Your auntie was just here for a couple of days which you loved.
I think she summed it up best, “She’s so different. Last time I saw her she could barely sit up on her own. Now she’s saying ‘mama’ and ‘papa’, crawling, rolling around, and taking steps when she holds onto your fingers.”
Yep, that’s right. You are taking steps now!
In the last few days I’ve made quite a big change around here too. I put you on a schedule. While I still think that on demand feeding has its merits, especially in the beginning to get supply up, I was just having a hard time not having a schedule now that you are a little older. Some days I felt tied to the couch all day and was constantly wondering if your cries were actually from hunger or just that you needed some comfort or something to do.
Our schedule really isn’t all that different from what you did on a typical day. You had already worked yourself into a schedule of a morning nap around 10:30 and an afternoon nap around 2:30. But sometimes I was letting you sleep too much during the day (3-4 hour stretches) or you weren’t napping at all. If we were out running errands and you were distracted you would go several hours without eating some days, but other days you were eating every half hour if we were home and you were bored.
Then thrush came along and all that snacking was really getting to me and hurting like heck.

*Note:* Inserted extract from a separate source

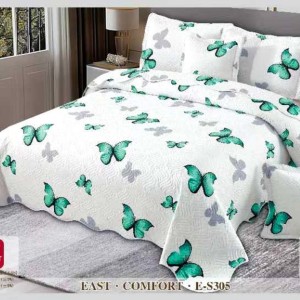 Cuvertură Pat Dublu, 5 Piese, Bumbac 100% Imprimat – Calitate Premium, Exact ca în Poză, cu Imprimeu Durabil, Alb, Turquoise, fluturi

So I’ve made this decision for us. This is not typical of me. I don’t like having time commitments because they generally make me worry and freak out if something doesn’t go completely according to plan. I’m starting to realize though that I do need a little bit of structure in my day. I like knowing where the hours go and being able to say at the end of the day that I did this, this and this instead of always feeling like nothing got done.

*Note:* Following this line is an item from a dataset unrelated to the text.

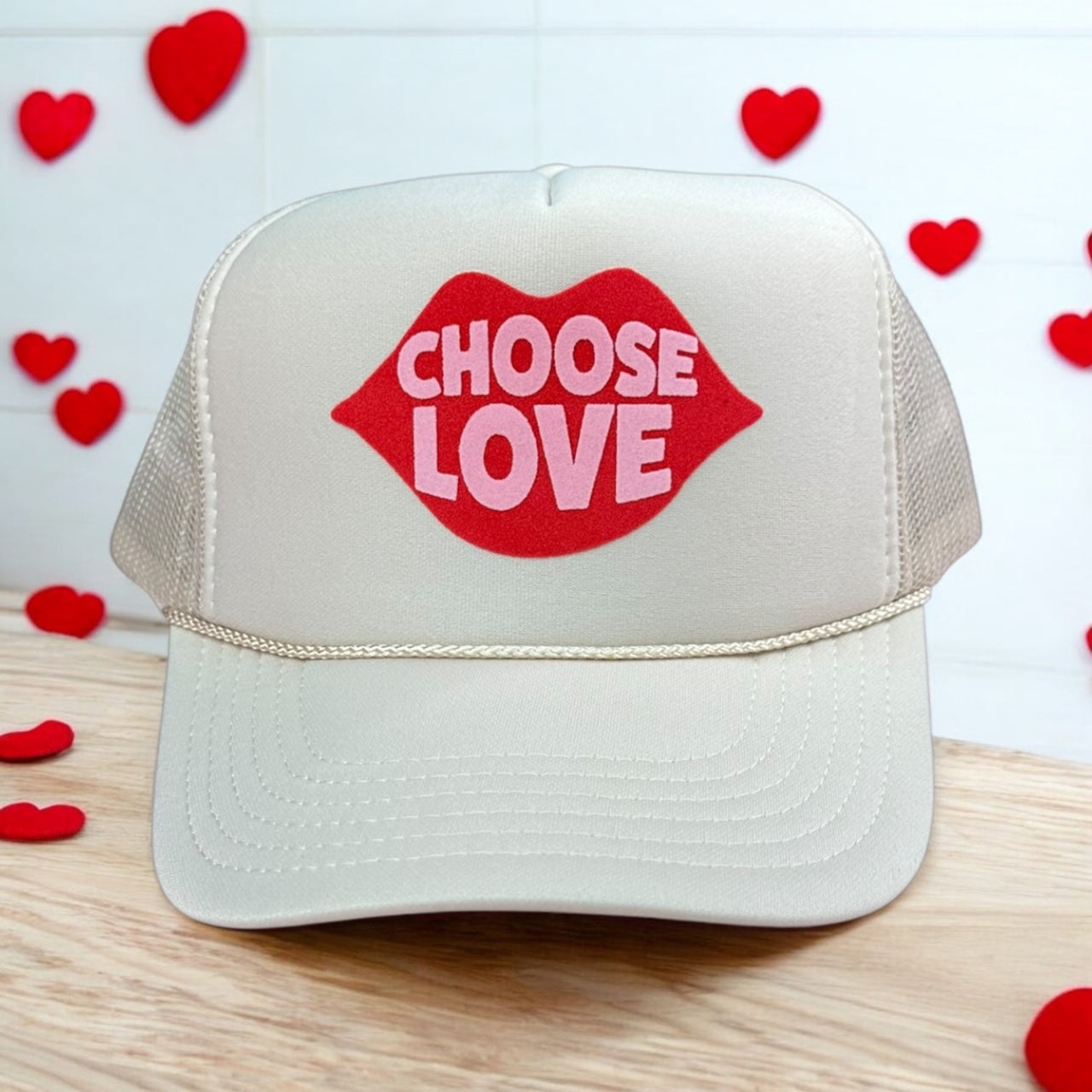 Choose Love (lips) - Tan Trucker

I will admit that there have been some tears shed on your part over it. I’m sorry about that. You do seem to be getting used to it though even after only a few days.
Another thing I like about the schedule is that instead of just handing you off to me if you are upset, your papa is taking a much more active role in entertaining and comforting you because he knows that you really did just eat and that you don’t need to eat again until your next feeding time.
I’m not sure if this will fix our night waking problem, you are still doing that quite a bit, but it will at least give my day a little more structure and let me plan when I can get things done.
Anyway, that is our latest adventure in the parent child relationship. I am sure there will be many more to come.